All of lore.kernel.org
 help / color / mirror / Atom feed
From: Oren Laadan <orenl-eQaUEPhvms7ENvBUuze7eA@public.gmane.org>
To: Nadia Derbey <Nadia.Derbey-6ktuUTfB/bM@public.gmane.org>
Cc: containers-cunTk1MwBs9QetFLy7KEm3xJsTq8ys+cHZ5vskTnxNA@public.gmane.org,
	xemul-GEFAQzZX7r8dnm+yROfE0A@public.gmane.org
Subject: Re: [RFC][PATCH 0/4] Object creation with a specified id
Date: Fri, 14 Mar 2008 12:45:31 -0400	[thread overview]
Message-ID: <47DAABAB.7000706@cs.columbia.edu> (raw)
In-Reply-To: <47DAA3AA.4050906-6ktuUTfB/bM@public.gmane.org>



Nadia Derbey wrote:
> Oren Laadan wrote:
>>
>>
>> Nadia Derbey wrote:
>>
>>> Oren Laadan wrote:
>>>
>>>>
>>>>
>>>> Nadia.Derbey-6ktuUTfB/bM@public.gmane.org wrote:
>>>>
>>>>> A couple of weeks ago, a discussion has started after Pierre's 
>>>>> proposal for
>>>>> a new syscall to change an ipc id (see thread
>>>>> http://lkml.org/lkml/2008/1/29/209).
>>>>>
>>>>>
>>>>> Oren's suggestion was to force an object's id during its creation, 
>>>>> rather
>>>>> than 1. create it, 2. change its id.
>>>>>
>>>>> So here is an implementation of what Oren has suggested.
>>>>>
>>>>> 2 new files are defined under /proc/self:
>>>>>   . next_ipcid --> next id to use for ipc object creation
>>>>>   . next_pids --> next upid nr(s) to use for next task to be forked
>>>>>                   (see patch #2 for more details).
>>>>
>>>>
>>>>
>>>> Generally looks good. One meta-comment, though:
>>>>
>>>> I wonder why you use separate files for separate resources, 
>>>
>>>
>>> That would be needed in a situation wheere we don't care about next, 
>>> say, ipc id to be created but we need a predefined pid. But I must 
>>> admit I don't see any pratical application to it.
>>
>>
>> exactly; why set the next-ipc value so far in advance ?  I think it's
>> better (and less confusing) if we require that setting the next-id value
>> be done right before the respective syscall.
> 
> Ok, but this "requirement" should be widely agreed upon ;-)

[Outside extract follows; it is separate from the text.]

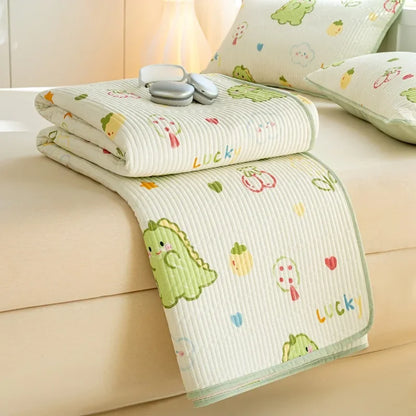 DecorBites™ Cartoon Print Foldable Bed Cover Set | Cotton Quilted Cushion Mat
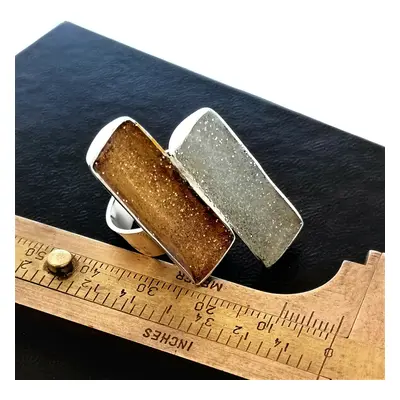 Gold and Beige Enamel Resin Dual Open Band Ring, Sterling Silver Ring with Gold and Beige Enamel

A discussion on the overall checkpoint/restart policy is certainly due
(and increasingly noted recently).

> What I mean here is that the solution with 1 file per "object type" can 
> easily be extended imho:

I'm aiming at simplicity and minimal (but not restrictive) API for user
space. I argue that we never really need more than one predetermined value
at a time (eg see below), and the cost of setting such value is so small
that there is no real benefit in setting more than one at a time (either
via multiple files or via an array of values). If in fact you wanted more
than one type at a time, you could still make it happen with a single
file without adding many user-visible files in /proc/<pid>.

So far, I can't think of any such identifier that we'd like to pre-set
that does not fit into a "long" type; simply because the kernel does not
use such identifiers in the first place (pid, ipc, pty#, vc# .. etc). To
be on the safe side, we can require that the format be "long VAL", just
in case (and later you could have other formats).

The only exception, perhaps, is if a TCP connection is rebuilt with a,
say, connect() syscall, and some information needs to be "predetermined"
so we'll need to extend the format. That can be done with another type
eg. "tcp ....." or a separate file (per your view), _then_, not now.
(As a side note, I don't suggest that this is how TCP will be restored).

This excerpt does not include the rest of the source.